Another way to directly convert XML data into Web display content is to use XSL and XSLT. In this solution, the logic for ing XML data to HTML (or WML) is defined by the XSL style sheet (XSL stylesheet. A style sheet describes how to convert a specific XML data entity to an interface data entity (such as an HTML table or an inline tag ). In JSP architecture, XSL conversion can only be applied to specific XML data sources. Ideally, a custom JSP tag is used to reference An XSLT processing program. For typical examples, see the whitepaper on XML integration with JSP architecture in java.sun.com.

Compared with the preceding JSP custom tag plus XML Parser component scheme, the XSLT scheme has better scalability and better manageability. In this case, our conversion logic is written in an XSL style sheet, rather than in Java code. This means that when you need to modify the interface, you can only edit the style sheet or HTML in most cases, and the code is not affected. However, we should carefully weigh the options based on the actual situation. If you use the XSLT scheme, someone has to maintain these XSL style sheets (either the person responsible for the interface or the person who compiled the program ). XSLT is like content and a program. Therefore, neither party can push the responsibility to the other party. As a result, everyone may be confused by this nondescribable XSLT. In this regard, it seems more attractive to use custom tags and the interface developers can embed them into the presentation layer, because in this way, software engineers only consider Java code, content engineers only care about content labeling.

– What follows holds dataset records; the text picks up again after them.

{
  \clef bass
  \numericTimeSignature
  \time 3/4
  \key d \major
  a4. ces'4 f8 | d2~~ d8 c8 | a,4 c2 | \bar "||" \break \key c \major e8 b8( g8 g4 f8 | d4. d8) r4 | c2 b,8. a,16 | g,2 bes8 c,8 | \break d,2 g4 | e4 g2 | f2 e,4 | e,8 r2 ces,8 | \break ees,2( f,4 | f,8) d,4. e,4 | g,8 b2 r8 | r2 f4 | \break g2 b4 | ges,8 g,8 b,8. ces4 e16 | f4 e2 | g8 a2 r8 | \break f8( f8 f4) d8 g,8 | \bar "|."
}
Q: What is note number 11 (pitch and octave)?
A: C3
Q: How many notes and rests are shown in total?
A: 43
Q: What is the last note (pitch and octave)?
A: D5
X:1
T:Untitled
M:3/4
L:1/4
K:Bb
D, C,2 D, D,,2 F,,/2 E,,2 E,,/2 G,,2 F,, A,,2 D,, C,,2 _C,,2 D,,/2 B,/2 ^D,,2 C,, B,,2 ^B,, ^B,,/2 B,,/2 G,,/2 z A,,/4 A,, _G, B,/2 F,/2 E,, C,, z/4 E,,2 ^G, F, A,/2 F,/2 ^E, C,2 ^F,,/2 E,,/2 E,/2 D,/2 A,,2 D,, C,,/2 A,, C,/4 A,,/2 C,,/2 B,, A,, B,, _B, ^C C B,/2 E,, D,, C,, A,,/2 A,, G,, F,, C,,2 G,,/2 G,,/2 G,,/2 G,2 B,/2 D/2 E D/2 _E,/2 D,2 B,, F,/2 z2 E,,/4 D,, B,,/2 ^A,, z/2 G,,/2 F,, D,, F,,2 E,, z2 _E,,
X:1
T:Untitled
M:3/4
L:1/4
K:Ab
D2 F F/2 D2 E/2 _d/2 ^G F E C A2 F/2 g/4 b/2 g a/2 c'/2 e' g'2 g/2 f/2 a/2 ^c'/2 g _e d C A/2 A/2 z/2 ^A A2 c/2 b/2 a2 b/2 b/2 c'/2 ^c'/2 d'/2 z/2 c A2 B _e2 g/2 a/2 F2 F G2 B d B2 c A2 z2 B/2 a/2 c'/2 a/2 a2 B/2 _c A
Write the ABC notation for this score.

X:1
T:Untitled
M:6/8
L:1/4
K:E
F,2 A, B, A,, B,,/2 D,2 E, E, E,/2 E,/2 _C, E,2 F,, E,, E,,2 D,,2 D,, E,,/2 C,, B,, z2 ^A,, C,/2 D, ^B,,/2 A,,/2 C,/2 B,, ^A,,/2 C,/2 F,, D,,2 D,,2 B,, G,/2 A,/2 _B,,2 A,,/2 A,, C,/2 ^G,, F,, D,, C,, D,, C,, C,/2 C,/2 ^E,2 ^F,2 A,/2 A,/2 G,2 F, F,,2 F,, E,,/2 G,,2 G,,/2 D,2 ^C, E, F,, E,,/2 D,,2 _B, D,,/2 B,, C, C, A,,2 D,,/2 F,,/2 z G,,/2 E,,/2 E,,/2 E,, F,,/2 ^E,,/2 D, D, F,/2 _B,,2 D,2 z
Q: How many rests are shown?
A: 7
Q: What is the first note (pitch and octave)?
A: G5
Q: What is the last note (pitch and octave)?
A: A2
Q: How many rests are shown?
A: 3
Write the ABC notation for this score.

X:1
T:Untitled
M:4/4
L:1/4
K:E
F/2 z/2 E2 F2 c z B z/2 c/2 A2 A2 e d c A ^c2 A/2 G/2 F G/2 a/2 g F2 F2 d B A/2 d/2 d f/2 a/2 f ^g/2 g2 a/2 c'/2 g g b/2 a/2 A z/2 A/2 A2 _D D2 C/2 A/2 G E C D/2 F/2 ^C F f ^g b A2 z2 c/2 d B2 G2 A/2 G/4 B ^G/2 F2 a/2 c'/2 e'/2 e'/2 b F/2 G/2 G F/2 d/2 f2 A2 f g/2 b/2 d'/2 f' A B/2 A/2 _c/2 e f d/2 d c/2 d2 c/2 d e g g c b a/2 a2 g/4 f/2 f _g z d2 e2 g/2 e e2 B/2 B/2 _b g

Java Servlet filter is a Web component recently released on the web layer of J2EE 1.3. When sevelet writes a request to a resource or reads the answer information from a resource, the filter can easily convert the header information and content information. The resources mentioned here can be a Java Servlet, a JSP page, or even a static Web page. The filter is really cool, because it allows developers to separate and reuse the part of the Code that was born into content from the code that converts the content. The Java Servlet filter is particularly useful when XML data needs to be converted to different XML application targets through XSLT.

Use the Java Servlet filter in a J2EE application to convert its output, so as to be compatible with the foreground of any type of client. Servlet filters can detect calls from mobile clients that use the WAP protocol (Wireless Application Protocol) and convert the response content to the WML format. Servlet filters can also detect calls from imode wireless customers and convert them into chtml (compact html) formats. Of course, Servlet filters can also identify requests from traditional HTML browsers and reply in the correct format.

Conclusion

In the J2EE 1.2.1 specification, XML "integration" only refers to the deployment description of components or applications in XML format. In the J2EE 1.3 specification, XML support is extended to require a sax 2 and Dom 2 parser, and An XSLT conversion handler is provided on a J2EE-compatible server platform. You can undoubtedly believe that more XML features will be incorporated into the J2EE architecture in the future, because the J2EE standards will be well understood by developers who are eager to use more XML in enterprise-level applications. For example, part of the JSR (Java-defined request) processing team related to the jaxm specification (JSR 000067) promises to integrate jaxm in subsequent J2EE specifications. It is foreseeable that similar changes will occur in the JSP architecture, EJB, and JDBC specifications. The above Component Changes on the J2EE platform will make the XML currently used by Java developers more standardized.